During the team’s presentation to the USC Shoah Foundation staff at the end of the week, the topic of the impact of national, social, political and racial contexts on the survivors’ experiences of their host societies and the manner in which they responded to these contexts emerged as a major avenue for comparison. Lorena Cardona Gonzalez explored the effect of the “La Violencia” period in Colombia from 1948 to 1958 on the lives and families of the Holocaust survivors living in the country. Nancy Nicholls Lopeandía examined how the memory of the Holocaust affected survivors’ decisions about migration during the political turmoil in Chile. Similarly, Emmanuel Kahan investigated the influence of the survivors’ experience of the Holocaust on their perception and interpretation of political events in Argentina, and discovered how they drew comparisons between Peronism and Nazism, which prompted survivors’ protests against the dictatorship in Argentina in 1967. Sandra Gruner-Domic explored survivors’ perceptions of their host societies and their own experiences of racial discrimination, as reflected in the testimonies.

Finally, Daniela Gleizer Salzman and Yael Siman focused on different factors that affected survivors’ experiences of migration to Mexico. For example, Siman discovered that, together with international and local aid agencies, family networks were crucial for the success of survivors’ migration to Latin America.
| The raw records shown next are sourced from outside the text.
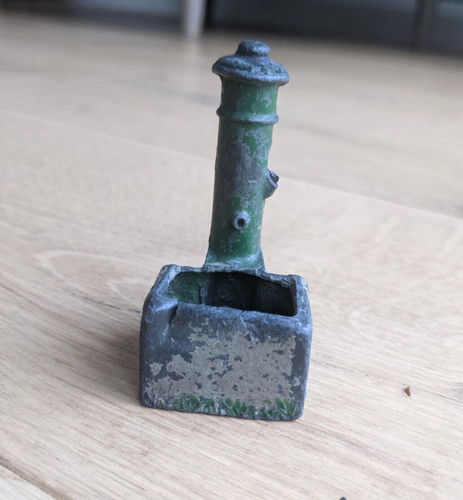 Vintage lead green farm - , water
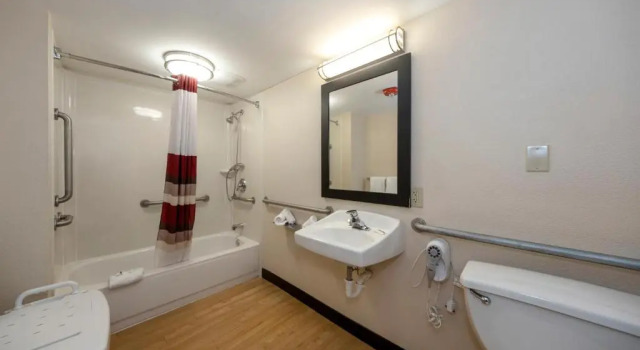 Номер Standard Red Roof Inn PLUS+ & Suites Naples Downtown-5th Ave S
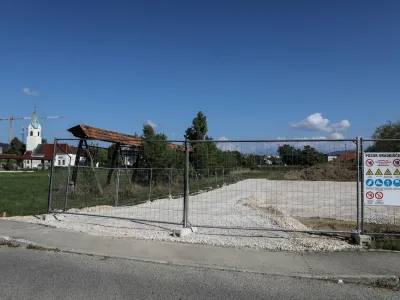 Zemlji&scaron;če v Kosezah ob ulici Draga so že ogradili. Foto: Luka Cjuha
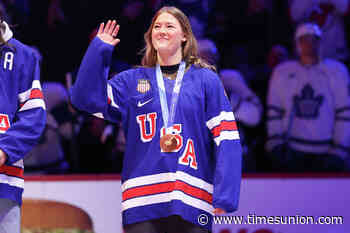 Members of Team USA gold medal women's hockey team coming to Saratoga Race Course on Whitney Day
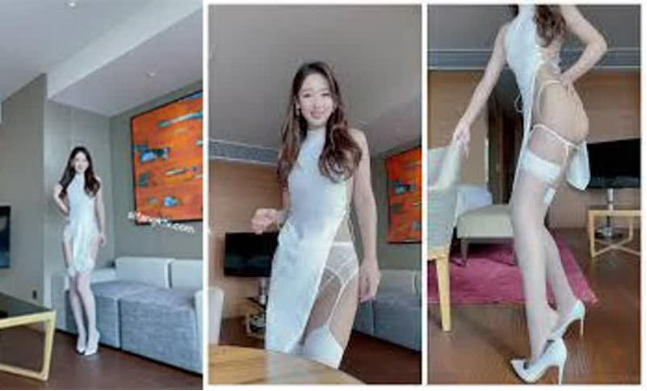 【超美颜值极美女神】秀人网极品嫩模超性感的新作绑带白色长裙真空凸点镜头快怼到BB上了露毛凸点 海报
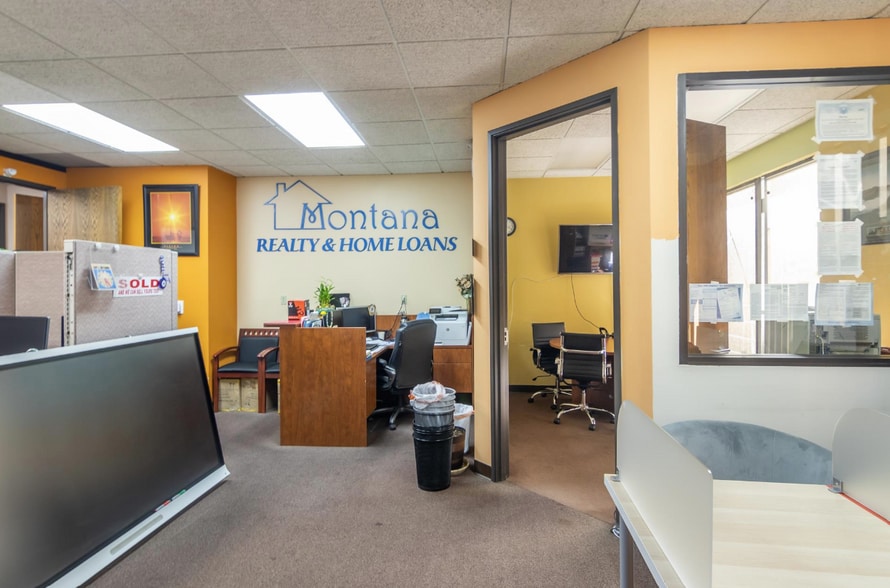 More Photos Of 17408 Chatsworth St, Granada Hills Office For Sale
However, Daniela Gleizer Salzman found that migrants also experienced many obstacles due to state policies around migration, especially when it comes to obtaining visas and legal status in the host country.

Following their visit to the Center, the 2017-2019 Interdisciplinary Research Week team presented their work at the international conference “In Global Transit: Forced Migration of Jews and other Refugees (1940s-1960s)”, which took place at the University of California, Berkeley, and was co-organized by the Center. The team’s future plans include publishing a collection of articles about their findings in a special journal and ultimately writing a book.